İtirazın iptali davası İcra İflas Kanunun 67. Maddesinde “Takip talebine itiraz edilen alacaklı, itirazın tebliği tarihinden itibaren bir sene içinde mahkemeye başvurarak, genel hükümler dairesinde alacağının varlığını ispat suretiyle itirazın iptalini dava edebilir.Bu davada borçlunun itirazının haksızlığına karar verilirse borçlu; takibinde haksız ve kötü niyetli görülürse alacaklı; diğer tarafın talebi üzerine iki tarafın durumuna, davanın ve hükmolunan şeyin tahammülüne göre, red veya hükmolunan meblağın yüzde yirmisinden aşağı olmamak üzere, uygun bir tazminatla mahkum edilir.İtiraz eden veli, vasi veya mirasçı ise, borçlu hakkında tazminat hükmolunması kötü niyetin sübutuna bağlıdır.Birinci fıkrada yazılı itirazın iptali süresini geçiren alacaklının umumi hükümler dairesinde alacağını dava etmek hakkı saklıdır.Bu Kanunda öngörülen icra inkar tazminatı, kötü niyet tazminatı ve benzeri tazminatların tespitinde, takip talebi veya davadaki talep esas alınır.” şeklinde düzenlenmiştir. İcra dosyası fiziken celp edilmiş, borçlunun ödeme emrine süresi içerisinde itiraz ederek takibi durdurduğu tespit edilmiştir.
Ticari defterlerin sahibi lehine olması için HMK m. 222/2’de öngörülen şartlar; defterlerin kanuna göre eksiksiz ve usulüne uygun olması, defterlerin açılış ve kapanış onaylarının yaptırılmış olması ve ticari defterlerin birbirini doğrulamış olması gerekmektedir.
4721 sayılı Türk Medeni Kanununun (TMK) 6. maddesi uyarınca kural olarak, aksi kanunca belirlenmedikçe iki taraftan her biri iddiasını ispata mecburdur. Bu hüküm, kaynak İsviçre Medeni Kanunu’ndaki şekli gibi, “bir vakıadan kendi lehine haklar çıkaran taraf, o vakıayı ispat etmelidir” şeklinde anlaşılmalıdır. Davacı taraf ,bedeli ödenmeyen faturalara dayalı alacak talebinde bulunmaktadır. Buna göre öncelikli incelenmesi gerek husus faturanın ispat gücüdür. 6102 sayılı TTK’nın 21/2. maddesi şu şekildedir: ”Bir fatura alan kişi aldığı tarihten itibaren sekiz gün içinde, faturanın içeriği hakkında bir itirazda bulunmamışsa bu içeriği kabul etmiş sayılır”. TTK’nın 21/2.(6762 sayılı TTK’nın 23/2.) maddesi ile faturanın tacirler arasında ifaya yönelik ispat aracı olduğu, süresinde itiraz edilmemekle münderecatından sayılan hususlar yönünden düzenleyen lehine, adına fatura düzenlenen aleyhine bir karine getirilmiştir. Bu karine faturanın ispat gücünü ortaya koymaktadır. Fatura düzenleyen tacirin anılan karineden yararlanabilmesi için fatura tanzim edenle, adına fatura tanzim edilen arasında akdi ilişki bulunması, faturanın akdin ifasıyla ilgili düzenlenmesi gerekir. Fatura sözleşmenin kurulma safhasıyla ilgili olmayıp ifasına ilişkin olduğundan öncelikle temel bir borç ilişkisinin bulunması gerekir.

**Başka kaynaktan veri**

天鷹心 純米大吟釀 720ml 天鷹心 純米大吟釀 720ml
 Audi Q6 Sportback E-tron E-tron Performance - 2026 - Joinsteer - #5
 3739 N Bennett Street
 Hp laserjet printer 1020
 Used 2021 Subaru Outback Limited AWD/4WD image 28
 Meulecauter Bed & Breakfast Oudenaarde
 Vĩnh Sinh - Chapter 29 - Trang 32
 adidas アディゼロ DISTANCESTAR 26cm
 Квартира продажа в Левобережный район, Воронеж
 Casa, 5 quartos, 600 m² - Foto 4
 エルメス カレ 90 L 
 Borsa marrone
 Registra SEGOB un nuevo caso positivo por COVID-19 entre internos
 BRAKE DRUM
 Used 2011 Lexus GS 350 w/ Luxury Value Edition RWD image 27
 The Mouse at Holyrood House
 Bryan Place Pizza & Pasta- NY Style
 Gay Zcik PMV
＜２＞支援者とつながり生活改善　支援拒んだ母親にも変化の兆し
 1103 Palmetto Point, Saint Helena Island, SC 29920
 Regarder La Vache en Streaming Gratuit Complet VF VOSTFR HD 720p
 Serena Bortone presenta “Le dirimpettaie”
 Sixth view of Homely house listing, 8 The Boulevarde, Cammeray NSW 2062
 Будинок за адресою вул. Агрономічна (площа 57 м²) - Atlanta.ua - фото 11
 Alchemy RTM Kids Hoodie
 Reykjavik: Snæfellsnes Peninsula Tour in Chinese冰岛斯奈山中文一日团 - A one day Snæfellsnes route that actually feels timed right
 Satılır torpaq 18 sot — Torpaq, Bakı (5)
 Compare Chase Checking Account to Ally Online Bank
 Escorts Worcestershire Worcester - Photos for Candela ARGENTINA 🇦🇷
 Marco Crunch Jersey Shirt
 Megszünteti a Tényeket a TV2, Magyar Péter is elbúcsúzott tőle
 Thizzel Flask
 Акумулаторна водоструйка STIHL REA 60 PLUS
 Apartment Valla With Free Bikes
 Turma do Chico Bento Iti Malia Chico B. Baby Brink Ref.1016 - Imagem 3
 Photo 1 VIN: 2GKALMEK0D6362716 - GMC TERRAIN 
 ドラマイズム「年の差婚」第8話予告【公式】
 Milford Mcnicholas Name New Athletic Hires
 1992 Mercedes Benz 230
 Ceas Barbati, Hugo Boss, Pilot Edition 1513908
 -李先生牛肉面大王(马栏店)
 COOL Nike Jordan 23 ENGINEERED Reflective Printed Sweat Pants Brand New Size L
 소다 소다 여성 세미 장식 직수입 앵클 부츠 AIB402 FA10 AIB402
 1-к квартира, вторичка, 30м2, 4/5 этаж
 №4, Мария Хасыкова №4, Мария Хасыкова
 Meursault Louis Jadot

Somut olayda; davacı davalıdan olan alacağının tahsili amacıyla —— takip dosyası ile davalı aleyhine icra takibi başlattığı, davalının itirazı ile icra takibinin durmuş olduğu, davacı tarafın itirazın iptali talebiyle mahkememizde süresi içerisinde huzurdaki davayı ikame etmiş olduğu, yapılan yargılama sırasında davacı tarafın ticari defter ve kayıtlarının bilirkişi marifetiyle incelenmesinde ticari defterlerin açılış ve kapanış onaylarının usulüne uygun olarak yapıldığı, davacı şirketin davalı şirkete mal veya hizmet satışı yaptığı bağlı bulundukları — beyan ettikleri— anlaşıldığı, takip tarihi —-alacaklı olduğunun tespit edildiği, bu haliyle davacı şirketin davalı şirketten talepla bağlı kalınarak —alacaklı olduğu anlaşılmıştır.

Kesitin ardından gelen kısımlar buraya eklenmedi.